─── Given information
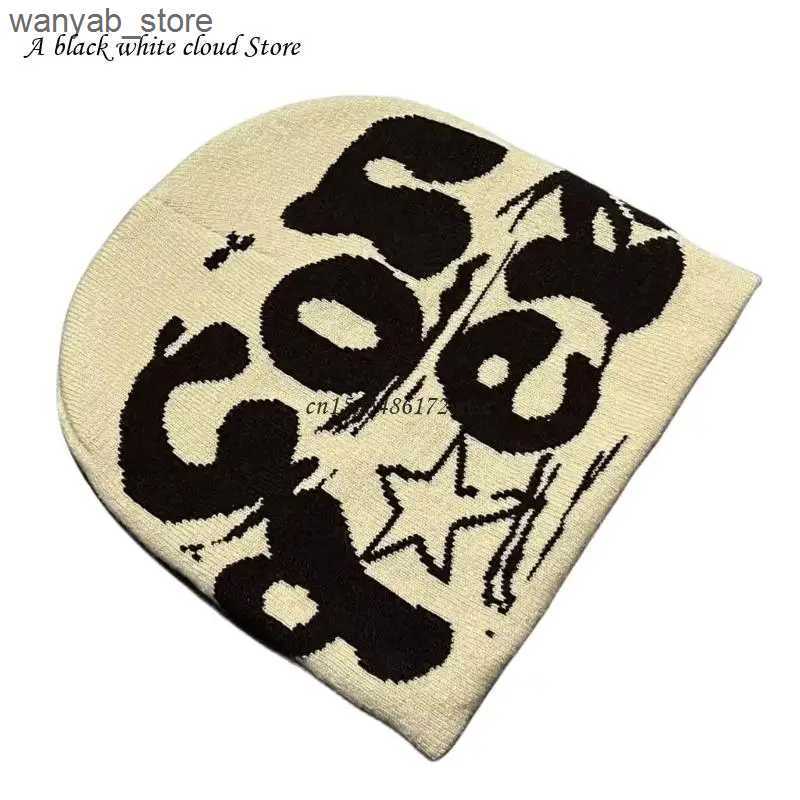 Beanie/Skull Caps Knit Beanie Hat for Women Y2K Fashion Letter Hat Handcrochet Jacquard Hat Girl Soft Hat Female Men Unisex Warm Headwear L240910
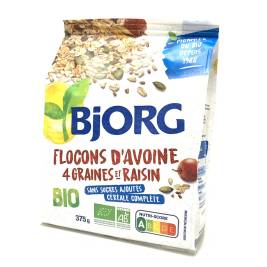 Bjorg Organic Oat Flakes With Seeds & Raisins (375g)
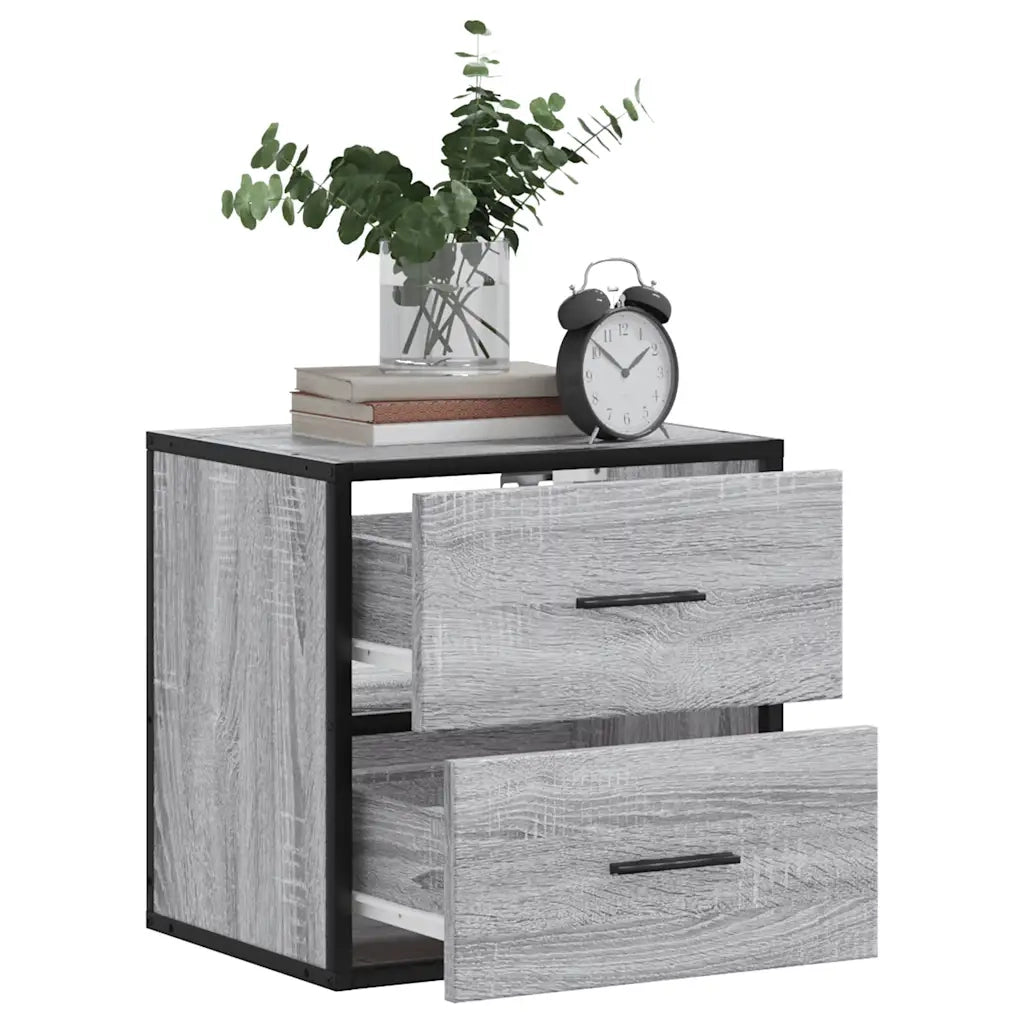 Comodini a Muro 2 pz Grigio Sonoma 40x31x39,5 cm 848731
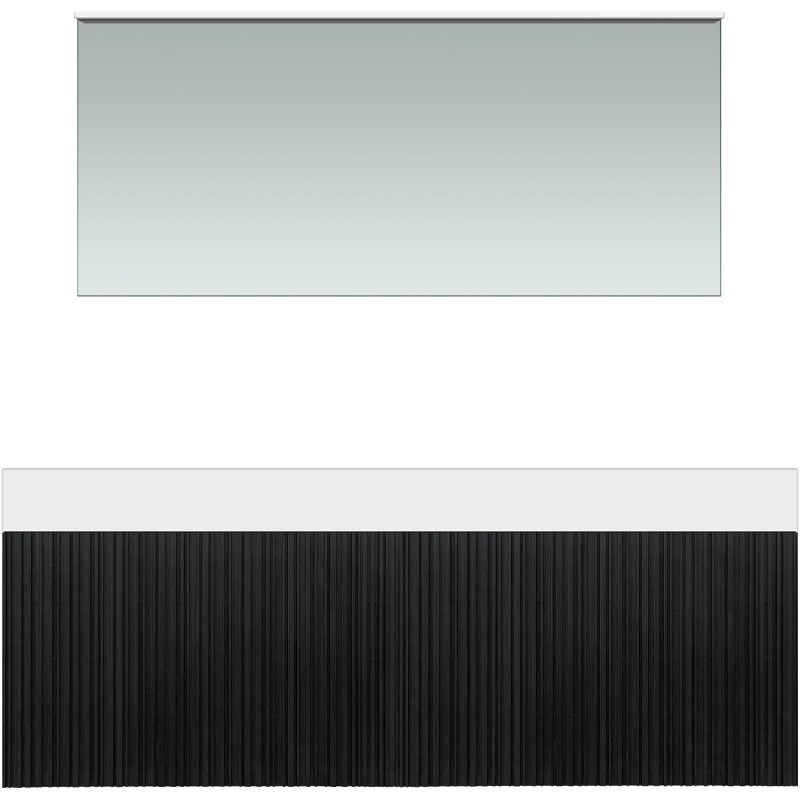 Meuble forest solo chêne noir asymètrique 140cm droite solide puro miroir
──────
Task description: Which lines fall between the one containing "Comodini a Muro" and the last line of the listing, both included? Give them again exactly, without the pictures.

Your solution:
 Comodini a Muro 2 pz Grigio Sonoma 40x31x39,5 cm 848731
 Meuble forest solo chêne noir asymètrique 140cm droite solide puro miroir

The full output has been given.